Koh Lian Pin on "The oil palm conundrum: how oil palm agriculture affects
tropical biodiversity and what can we do about it."
Monday 24th Nov 2008: 10am to 11am
DBS Conference Room, Block S3 Level 5
Host: Dr. Tan Tiang Wah, Hugh
Abstract: Southeast Asia contains 11% of the world's remaining tropical forests
and harbors numerous endemic and rare species, many of which are restricted to
forest habitats. Unfortunately, this region also suffers from the highest
relative rate of deforestation of any major tropical region, which could result
in the loss of up to three-quarters of its original forest cover and numerous
species by 2100.
Over the past few decades, oil palm agriculture has expanded throughout
Southeast Asia (and beyond). How has this expansion affected the region's
forests and biodiversity? What can we do about it? Does biodiversity provide any
benefits to the oil palm plantations themselves?
My study reveals that between 1990 and 2005 more than half of oil palm expansion
in Malaysia and Indonesia had likely occurred at the expense of forests. I also
showed that the conversion of forests to oil palm results in substantial
biodiversity losses. My further analysis suggests that biodiversity in oil palm
plantations could be marginally enhanced by altering vegetation characteristics
at the local level, and by increasing forest cover at the landscape level.
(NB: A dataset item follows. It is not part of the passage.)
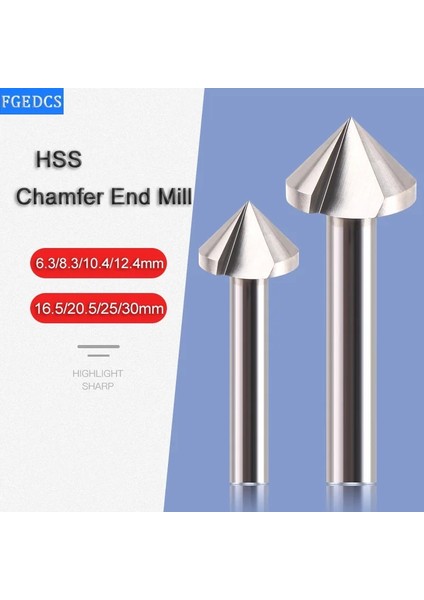 10.4XR90XD8X50L 3 Flüt Pah Bit Hss 90 Derece Paslanmaz Çelik Alüminyum Alaşımlı Havşa Pah Kırma Aracı Matkap Uçları 6.3-60MM End Mill (Yurt Dışından)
Although, the magnitudes of these biodiversity enhancements are low relative to
the biodiversity of undisturbed tropical forests, these additional species both
are intrinsically valuable and may provide economically-important services for
oil palm agriculture.
Indeed, through an exclusion experiment, I found that insectivorous birds
inhabiting oil palm plantations do reduce insect herbivory damage to oil palms,
and thus may be providing a natural pest control service for oil palm growers.
There is little doubt that oil palm expansion poses a real and significant
threat to Southeast Asia's biodiversity. On the other, the oil palm industry
contributes substantially to the region's developing economies, and is important
to the welfare of its rural poor. The
conflicts between oil palm expansion and biodiversity conservation will not be
resolved by each side portraying the other as villains.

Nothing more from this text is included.